Friday, September 11, 2009

9/11 memorial cornerstone returned to sender

From WCBS880:

A 20-ton block of granite once envisioned as the cornerstone for New York's Freedom Tower is getting a new home on Long Island.

Although dedicated at the ground zero site in 2004, the stone was quietly removed in 2006 and returned to the company where it was inscribed.

The stone was initially hauled away to allow for actual construction at ground zero.

Innovative Stone CEO Karen Pearse says now it's not clear if the 5 1/2-foot-tall stone will ever return to New York City. Rather than keep it in storage, Pearse says the company wants to give it a place of honor.

Giant cranes moved the stone on Tuesday to a garden in front of the Hauppaugue facility. It will be rededicated on Friday, the eighth anniversary of the Sept. 11 terrorist attacks.


From the NY Observer:

...as the eighth anniversary of the terrorist attacks of Sept. 11 approaches and the redevelopment once again is tied up in delays and hurdles, it’s becoming clear that the site has fully lost whatever place it once held, perhaps to the point where it has passed as a political issue of any strength at all.

Not that there’s nothing to discuss. The more–than–$10 billion project is as troubled as ever—gripped by a months-long stalemate between the public-sector owner and its private developer that threatens to add years of delays to large portions of the project (some components are more than five years behind initial schedules) and hundreds of millions in additional public costs.

Yet with the city campaign season in full swing—normally a time when any and every public boondoggle is exploited by insurgents against incumbents—the World Trade Center has come up about as much as proposals to raise taxes on the poor: that is to say, not at all. Unions, which typically offer a deafening roar when the prospect of more work awaits, are mum, as are most civic groups.
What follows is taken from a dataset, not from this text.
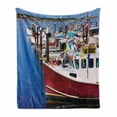 thumbnail image 1 of Massachusetts Soft Flannel Fleece Blanket, Boats at the Pier Nautical Composition with Many Colors Scenic Boston Photo, Cozy Plush for Indoor and Outdoor Use, 60" x 80", Multicolor, by Ambesonne, 1 of 6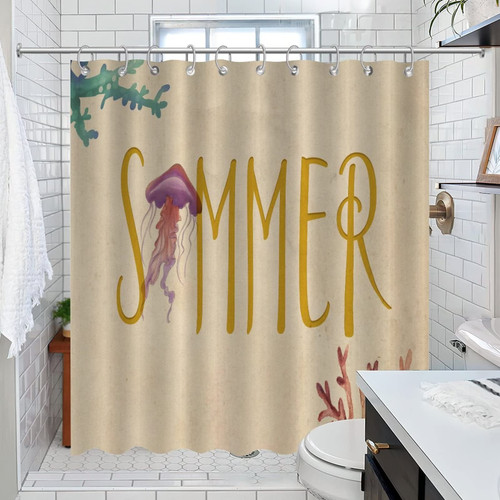 Shower Curtains Nautical Beach Ocean Theme Underwater Starfish Bathroom Shower Curtain Sets Beach Coastal Tropical Theme Farmhouse Shower Curtain Set with Hooks Home Bathroom Decorations 72x84 Inch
The result is a situation in which there is little to gain for any elected official to stick his or her neck out and speak up on New York City’s biggest construction project, an apparent product of the issue’s tremendous complexity; a paucity of easy solutions; and the broader political and popular fatigue of a familiar story line (more delays!) as the years since 9/11 tick away.

2 comments:

ew-3 said...

This is beyond shameful.

Anonymous said...

As a traveler I can tell you other countries evan have memorials for 9/11.
Shame on New York, especially Bloomberg.